If a class does not override hashCode(), and just inherits the default implementation from java.lang.Object, then in a typical JVM, its hashCode(), really will be, more or less, an internal pointer to it. (Obviously that's not the whole story, because the return-type of hashCode() is int, which wouldn't accommodate 64-bit JVMs; and these aren't real pointers to physical memory locations, firstly because the OS handles the mapping from virtual addresses to physical ones, and secondly because, even if the JVM handled that, garbage-collectors can move an object from one heap to another without affecting its hashCode(). But still, "internal memory address" is a good first approximation.)

The reason that most JDK classes override hashCode() is that we always want hashCode() to be "compatible" with equals(); that is, if a.equals(b), then we want a.hashCode() == b.hashCode(). (This makes sense when you consider that you generally don't want — for example — a Map<String, Object> to have two different "abc" entries just because the keys are two different String instances. And generally you'd want to be able to look up an entry by typing map.get("abc"), rather than needing to have the original instance of the key handy. If two keys are equal, then we usually want them to be treated as equal.)

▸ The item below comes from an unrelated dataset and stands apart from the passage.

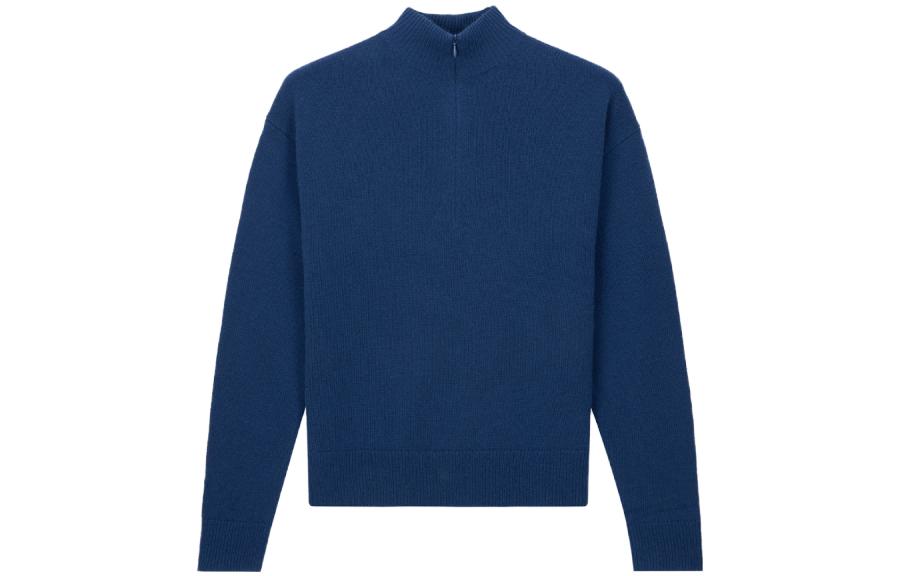 Трикотажная блуза Eclipse Blue THEORY
Трикотажная блуза Eclipse Blue THEORY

If you really want pointer-equality in your map, you can use the java.util.IdentityHashMap class.

Question 2

The default Object.hashCode() is not strictly a memory address, but unless you have a huge memory, it's indeed unique among all the objects in the JVM, so you could see it as a "logical" address.

A HashMap has a limited number of buckets, and each key is indeed assigned a bucket based on its hash code. There is not one bucket per hash code. So even if two objects have a different hash code, they could end up in the same bucket. That's why it's important to have hashCode as well distributed as possible, to avoid such collisions.

Using the system identity hash code of a key (i.e. the hash code returned by Object.hashCode()) is not desirable most of the time, because you want two keys to be equal if they hold the same information, not if they are the same object instance. For example, if you store a student in a map based on his SSN, and later get the SSN of this student from some web service or from the database, you won't have the same STring instance, but you want to be able to find the student in the map using the SSN you received.

Question 3

Why can't HashTable use actual memory address of the Key as Hash?

Because key equality matters. When two objects are "equal" (one.equals(two) returns true), the hash codes must also be equal (one.hashCode() == two.hashCode()).

Question 4

The default hashCode() is not the memory address, it's a the "identity hash".

The memory address may change, but the identity is constant for a given instance.

Question 5

You can have any implementation of hashCode that you feel is optimum without breaking the rules laid down for hashCode and equals in the JavaSE apis.

Check equals and hashcode rules here : http://docs.oracle.com/javase/6/docs/api/java/lang/Object.html

This is important as the Collections library and other apis heavily rely on this properties to implement their own behavior.

Question 6

The memory address should not be used as hashCode of an object (unless its equals method performs only an identity comparison). The reason is explicitly written in its JavaDoc:

If two objects are equal according to the {@code equals(Object)} method, then calling the {@code hashCode} method on each of the two objects must produce the same integer result.

In the case the the equals method performs only an identity comparison, the memory address is enough, as both hashCode() and equals() would be only equal for the same object.